This conversation makes me wonder if age verification at the system level could be considered an externality for its cost to society as a whole, and the solution be to collect tax from any commercial sale of a desktop OS that doesn't implement a defined open standard. If there is any money raised it could be used for eg. education pieces on harm and harm reduction

Maybe it doesn't work in this case, but I think you both make great points. Just feel like there must be a way of bridging this gap


I think it only affects devices that are sold. So free software, you install yourself won’t meet that theshold.

Well it may end up with some porn-hungry kids compiling their own Unix core build on their own, not a bad even if unintended direction

The state requires things sold to meet a bare minimum of safety. Cars sold require seat belts, movies/games sold require ratings. Devices sold have a meaningful parental controls flow.

Seat belts aren't forced on you - if you want to not use them and face the risk of fines, you can do so. Media ratings systems are informational, you can choose to let your kids watch R rated movies or above. Are they going to let parents have a choice when it comes to parental controls? What about non-parents?

That's my gripe with the age verification systems I've seen, there is no room for parental choice and no consideration for people that are adults and don't have kids using their computer.


If something is illegal for kids to access it is illegal and therefore parental choice is being overriden by the state just like every single other thing that is illegal for kids to do such as smoke cigarettes, do drugs, drive etc.

OS-level is so much better than app-level. App-level means redoing the work for each app and increasing the odds of issues.

I don't think it is overreach since its fairly simple to implement and non obtrusive. We have had multiple decades of failure from tech companies already to prove that they won't act on their own.

If you are putting individual parents up against Meta, Google, etc, the big tech companies easily win. As we have seen already.

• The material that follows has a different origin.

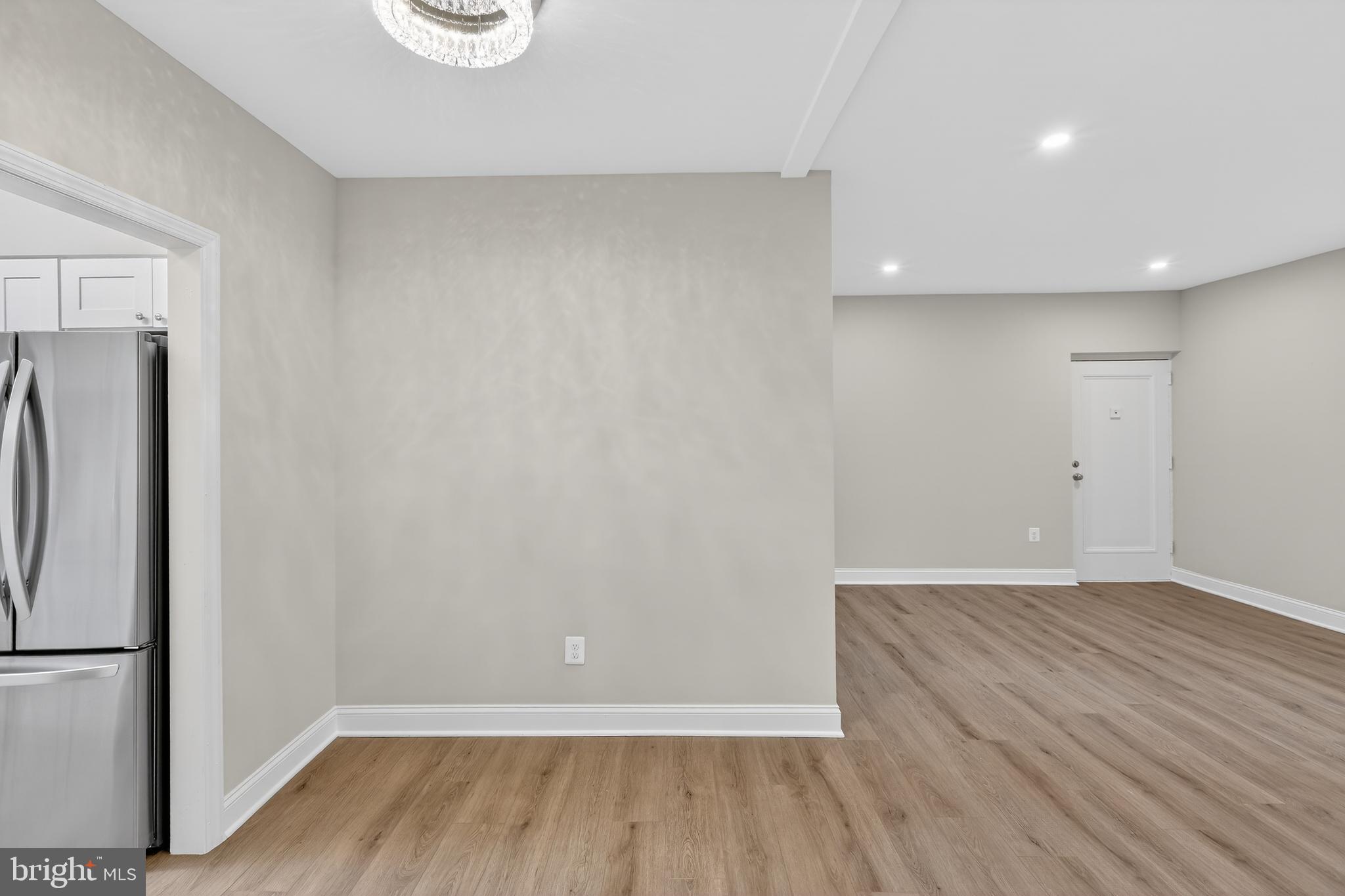 FREDERICK COURTS - Residential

> I don't think it is overreach since its fairly simple to implement and non obtrusive

Those two things have absolutely nothing to do with one another. Something being easy to implement is completely unrelated to whether forcing its implementation is overreach.


Which is why s/he mentioned both of them. *This* law is simple to implement *and* it's unobtrusive. It's actually a really good way to solve the problem without creating privacy concerns.

How do you verify someone’s age reliably without identifying them? Unless there’s some standard around zero-knowledge proofs they’re implementing that I’m not aware of, they’re probably going to end up identifying everyone as part of this system, since kids will try and bypass it and parents will demand it be made more robust. Kids will still bypass it no matter what we do.

You don't. The law we're discussing doesn't verify someone's age. Please stop calling it an age verification law, because that's completely disingenuous FUD.

Its the responsibility of legislators to reflect the legislative will of the people.